4 Generations of Microsoft Datacenters

4 Generations of Microsoft Datacenters

I came accross this and found it interesting as I am not a Datacenter person.

When you look at Microsoft's sustainability evolution, we must look at the generations of data centers that Microsoft has built over the last 20 years.

Along the way, we’ve tried different approaches to do this and we’ve operated data centers for quite some time now. We’ve tried a very different way of getting that kind of power usage effectiveness and getting that cost down in these sorts of environments. We’ve passed generation 1, which was all about co-located data centers—sticking your servers and racks in a room—and moved on to generation 2 data centers. The difference with generation 2 data centers is that we started to install them racks at a time, no longer needing to put in particular ones and get the scissor lift out to put in the rack. You were actually trucking in and wheeling in the entire rack, mounting that in, plugging it all up, and getting it running. When you start designing around racks instead of around servers in racks, there’s a whole different approach you can take to hot isles, cold isles, how you control the air flow through the data center itself, how you can maximize the efficiency you can get out of that.

Then in about 2008, we moved to a containment model. The idea was rather than shipping racks, why don’t we ship multiple racks or pre-configured racks. We would buy them from our hardware vendors, already installed in an ISO shipping container. They would just come out of the back of the truck and get lowered into place, and then away they go with 3000 or 4000 servers configured inside of it. That was great in terms of scalability; we could really turn it on a lot faster, but the thermal properties of an ISO shipping container aren’t really conducive to your hardware. That takes us to our fourth model here, and this is really the modular style data center. These are the latest things we’ve started to deploy. We call these things IT packs, or Information Technology pre-assembled components, and essentially in this model we’re trying to reduce as much assets and moving parts as possible. 
 
In generation 1 it was really all about collocation and bringing the disparate resources that we had distributed throughout the network into a single location. Many of our customers are still dealing with these types of facilities, and the problem that they're engaged with is they're running out of power and space.

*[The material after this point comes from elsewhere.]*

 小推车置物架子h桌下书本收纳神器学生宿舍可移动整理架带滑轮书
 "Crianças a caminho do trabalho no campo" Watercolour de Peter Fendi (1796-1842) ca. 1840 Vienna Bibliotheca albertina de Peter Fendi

In generation 2 we made a conscience decision to design, build, and operate our own data centers, and the reason being is that we were seeing bleed-in or growth in the cost baselines in the generation 1 configuration. We built those facilities really about density, which was the ability to roll a fully populated rack on the back of the data center platform, and move it into place, power it up, and have it online.

In generation 3 it was really about containment, not necessarily about containers, although containers ended up being the end item SKU we chose in one location. The other approach we took is to basically put servers in pods, and to distribute airflow through those pods to achieve the efficiency we have in the generation 3 configuration.

In generation 4 now it's all about modularity. So, the approach will be to drop an engineering spine in, both network and power, to basically plug & play all the components required to run in that operation.

The IT Pack is made up of four components: the IT load, an evaporated cooling unit, an air handling unit, and a mixing unit. The evaporative cooling unit has a mesh screen where water can slowly drip through to keep a consistent amount of humidity. Air will naturally blow through the evaporated cooling unit. The IT load will suck that air through, and this air handling unit just makes sure that there’s a pressure difference between the outside pressure and inside pressure of the data center. Air gets naturally pulled through those evaporative cooling units, without having to be powered by fans or anything like that, cooling the servers. The air handling unit pulls air out and pushes some of it back to the mixing. That‘s basically how we control what the temperature is.

The beauty of this model is that you don’t even have to worry about air conditioning any more. This server lives outside, the data center lives outside. The Quincy data center in Eastern Washington has a climate similar to Madrid, a little more water. But these things can live outside. We built a roof over the top so we can prevent the worst.

It takes about four hours to install, and it has only three connections coming out of it: the ping, the pipe, and the power. Essentially, it’s garden variety electricity, a water hose, and a network connection. It’s all remotely monitored, all operating from this unit. We’re extremely energy efficient in how we do these things, and this is installing about 2500 servers at a time in these building blocks.

Copyright Microsoft

Elias Ramos Guadalupe

Advocating Canary Islands as the leading European Union Hub for remote workers in the Atlantic. Owner at Draco.

8 年

An spectacular & very fast progress in DC generations. And each one significantly more efficient than the previous one!

Pablo Junco Boquer

Driving Business Impact with Analytics & a Responsible use of AI

8 年

Nice! As you said, Microsoft already have Generation 4 datacenters and now the peak of Power Utilization Effectiveness (PUE) is improving a lot to aprox 1,12 for the containers and air-side economizer. However, today Microsoft is already building their Generation 5 datacenters, that are Software-defined facilities which will integrate the full stack: designing the server, datacenter, network, applications, and the work flow processes together.